### What is needed
Only the closing stretch of the material is wanted: the line containing "this 250×188 image." and every line after it, transcribed exactly.

### Given entries

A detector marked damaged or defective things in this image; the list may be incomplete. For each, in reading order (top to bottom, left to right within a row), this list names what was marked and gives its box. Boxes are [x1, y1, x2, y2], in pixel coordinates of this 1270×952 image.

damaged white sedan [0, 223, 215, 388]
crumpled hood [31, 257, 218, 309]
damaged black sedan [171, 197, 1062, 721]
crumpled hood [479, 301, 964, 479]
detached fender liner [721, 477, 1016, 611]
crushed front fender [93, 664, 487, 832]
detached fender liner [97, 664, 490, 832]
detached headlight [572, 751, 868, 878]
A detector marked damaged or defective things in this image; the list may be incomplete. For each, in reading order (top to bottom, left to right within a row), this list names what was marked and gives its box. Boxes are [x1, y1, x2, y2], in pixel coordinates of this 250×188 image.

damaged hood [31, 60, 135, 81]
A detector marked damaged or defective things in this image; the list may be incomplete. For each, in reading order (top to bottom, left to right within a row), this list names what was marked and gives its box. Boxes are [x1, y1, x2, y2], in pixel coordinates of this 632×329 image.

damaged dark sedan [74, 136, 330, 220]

### Expected answer
A detector marked damaged or defective things in this image; the list may be incomplete. For each, in reading order (top to bottom, left to right within a row), this list names what was marked and gives its box. Boxes are [x1, y1, x2, y2], in pixel coordinates of this 250×188 image.

damaged hood [31, 60, 135, 81]
A detector marked damaged or defective things in this image; the list may be incomplete. For each, in reading order (top to bottom, left to right within a row), this list names what was marked and gives its box. Boxes are [x1, y1, x2, y2], in pixel coordinates of this 632×329 image.

damaged dark sedan [74, 136, 330, 220]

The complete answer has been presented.